Schnapsidee? Genial? Stehende Starts nach Safety-Car!

Von Mathias Brunner
Künftig soll nach Safety-Car-Phasen stehen gestartet werden

Künftig soll nach Safety-Car-Phasen stehen gestartet werden

​Wenn am 30. November der FIA-Weltrat tagt, wird es auch um eine aufregende Neuheit gehen: Stehende Starts nach jeder Safety-Car-Phase sollen die Action aufhübschen. Schnapsidee oder genial?

Ziemlich radikal, worüber die verschiedenen Gremien der Formel 1 in den kommenden Tagen abstimmen müssen: Im Bestreben, die Grands Prix spannender zu gestalten, hat Force India einen Vorschlag auf den Tisch geknallt, den die anderen Teamchefs in Abu Dhabi spontan toll finden und dem auch Formel-1-Promoter Bernie Ecclestone nicht abgeneigt ist. Nach jeder Safety-Car-Phase soll nicht fliegend gestartet werden, sonden die Fahrzeuge sollen sich zu einem stehenden Start aufstellen!

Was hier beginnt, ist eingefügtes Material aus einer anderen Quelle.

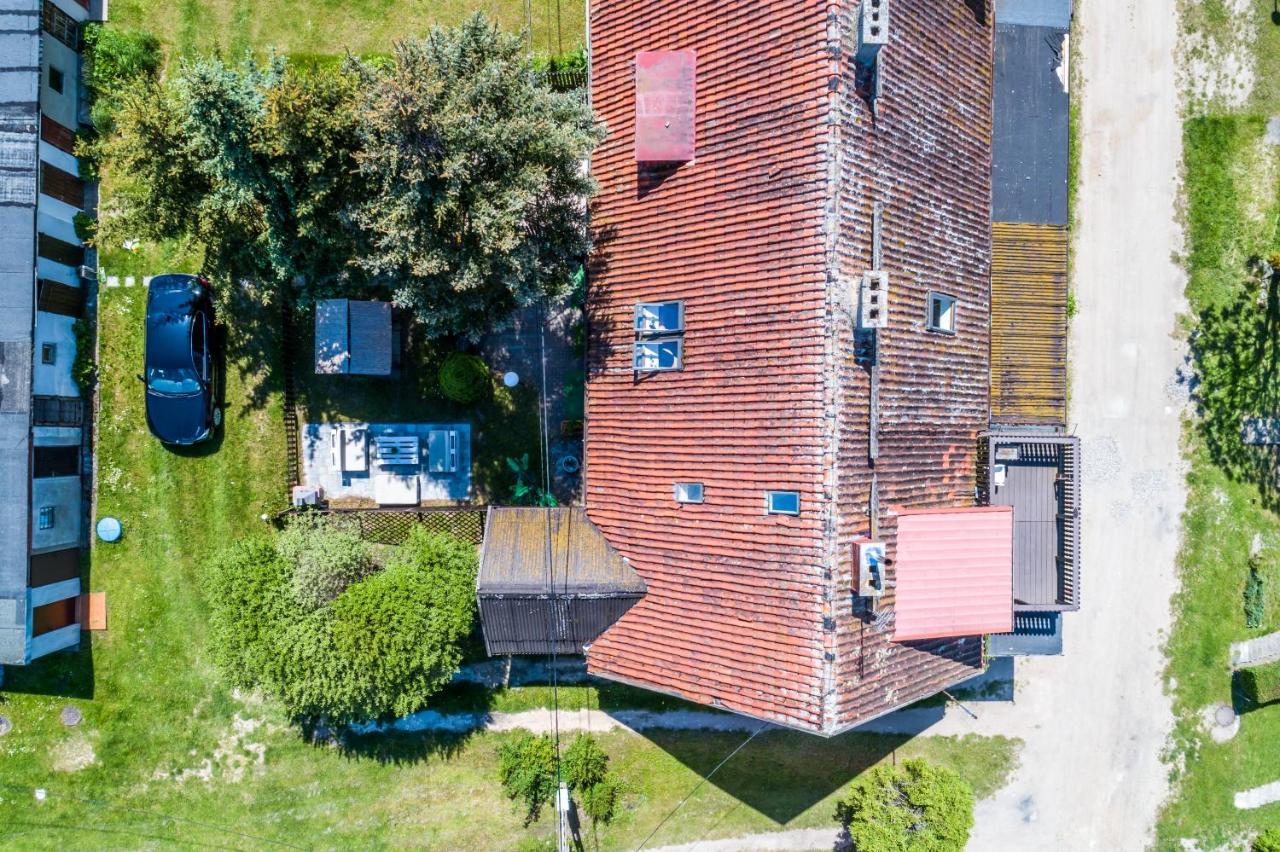 Domek Nad Jeziorem Dobskim - Fuleda 5 エクステリア 写真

Seit dieser Plan durchgesickert ist und von auto, motor und sport an die Öffentlichkeit gebracht wurde, wird in den sozialen Netzwerken hitzig diskutiert: Viele Fans finden das fabelhaft, um den Rennen frische Würze zu verleihen. Denn stehende Starts bergen ein Element der Unwägbarkeit. Bei rollenden Starts bleibt die Reihenfolge in der Regel unverändert, ausser, einer hat hinter dem Führungswagen den Neustart verschlafen.

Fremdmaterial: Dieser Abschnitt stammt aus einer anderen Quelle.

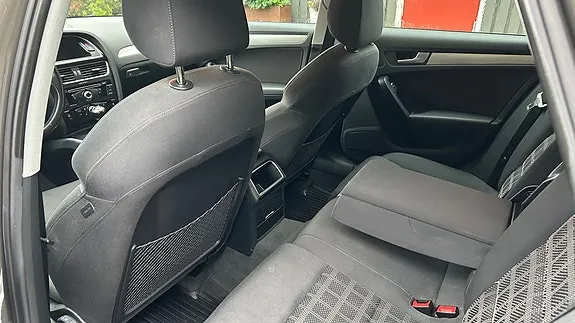Audi A4 2014 photo 3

Andere Formel-1-Anhänger kreiden an: Wieder ein Eingriff, der viel zu künstlich ist.

Der Vorschlag aus Abu Dhabi durchläuft nun die üblichen Gremien, in jedem davon kann der Vorschlag scheitern, wie unsere Erklärung weiter unten zeigt.

Formel-1-Entscheidungsfindung: So geht es

Die Entscheidungsfindung im Formel-1-Sport ist komplex. Verschiedene Arbeitsgruppen reichen ihre Ideen der so genannten Strategiegruppe weiter. Sie besteht aus Vertretern von sechs Rennställen (gegenwärtig sind das Ferrari, Red Bull Racing, Mercedes, McLaren-Honda, Williams und Force India), des Autoverbands FIA sowie der «Formula One Group». Jede dieser drei Parteien besitzt sechs Stimmen.

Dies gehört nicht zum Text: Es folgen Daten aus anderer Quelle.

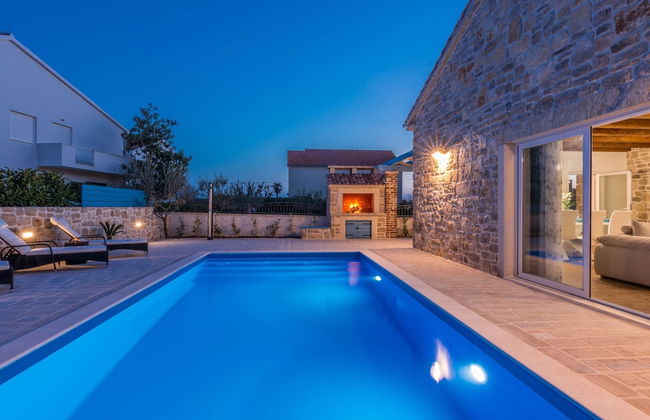 Modern Villa in Sukosan With Private Swimming Pool - Foto 20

Der weitere Ablauf: Die Ideen der Strategiegruppe gehen an die Formel-1-Kommission. Die hat nur die Möglichkeit, einen Vorschlag abzunicken oder abzulehnen. Über die gegenwärtige Zusammensetzung der Kommission ist im FIA-Reglement nichts zu finden. Einst bestand sie aus: einem Vertreter von «Formula One Management» (also Bernie Ecclestone) sowie der FIA (üblicherweise der Präsident), aus Vertretern aller Rennställe, aus sechs Rennpromotern (drei aus Europa, drei aus Übersee), die von FOM aufgestellt werden, aus zwei Vertretern von Rennstrecken (eine aus Europa, eine aus Übersee), von den Teams ernannt, dazu aus Repräsentanten des Reifenherstellers (also Pirelli), der Motorenhersteller sowie der Sponsoren (zwei, aus verschiedenen Marktbereichen). Somit kamen wir (abhängig von der Anzahl Teams) auf ein Gremium von 24 Fachleuten.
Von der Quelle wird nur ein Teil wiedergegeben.